→ **DESCRIPTION OF THE TASK**: After finding the line with "Рига-12 мопед СССР" in the data below, set down exactly each line through the one with "さっぱり*塩あんかけ丼作り方2写真", inclusive, and stop there.

→ **DATA RECORDS**:
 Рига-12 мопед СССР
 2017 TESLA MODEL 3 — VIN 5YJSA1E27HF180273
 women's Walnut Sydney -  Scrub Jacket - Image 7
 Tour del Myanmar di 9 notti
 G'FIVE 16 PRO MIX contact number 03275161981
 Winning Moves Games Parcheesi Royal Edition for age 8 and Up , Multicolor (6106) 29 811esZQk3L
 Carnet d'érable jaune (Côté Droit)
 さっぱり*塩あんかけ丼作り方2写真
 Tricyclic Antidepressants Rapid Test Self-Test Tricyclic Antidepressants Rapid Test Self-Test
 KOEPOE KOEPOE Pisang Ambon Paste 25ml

* * *

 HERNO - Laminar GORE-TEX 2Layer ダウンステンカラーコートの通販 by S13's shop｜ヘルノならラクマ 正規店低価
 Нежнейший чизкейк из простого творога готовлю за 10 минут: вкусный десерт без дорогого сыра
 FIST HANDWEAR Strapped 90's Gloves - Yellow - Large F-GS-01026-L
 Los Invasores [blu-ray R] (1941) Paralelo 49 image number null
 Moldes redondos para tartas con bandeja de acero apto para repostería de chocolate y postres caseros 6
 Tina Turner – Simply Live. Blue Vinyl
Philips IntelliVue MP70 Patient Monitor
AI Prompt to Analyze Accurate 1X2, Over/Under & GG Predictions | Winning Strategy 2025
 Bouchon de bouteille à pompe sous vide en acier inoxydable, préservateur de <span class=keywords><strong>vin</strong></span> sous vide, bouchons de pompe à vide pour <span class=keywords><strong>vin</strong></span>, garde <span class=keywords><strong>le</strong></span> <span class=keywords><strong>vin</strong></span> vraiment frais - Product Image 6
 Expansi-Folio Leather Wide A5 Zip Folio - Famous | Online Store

→ **OUTPUT OF THE EXERCISE**:
 Рига-12 мопед СССР
 2017 TESLA MODEL 3 — VIN 5YJSA1E27HF180273
 women's Walnut Sydney -  Scrub Jacket - Image 7
 Tour del Myanmar di 9 notti
 G'FIVE 16 PRO MIX contact number 03275161981
 Winning Moves Games Parcheesi Royal Edition for age 8 and Up , Multicolor (6106) 29 811esZQk3L
 Carnet d'érable jaune (Côté Droit)
 さっぱり*塩あんかけ丼作り方2写真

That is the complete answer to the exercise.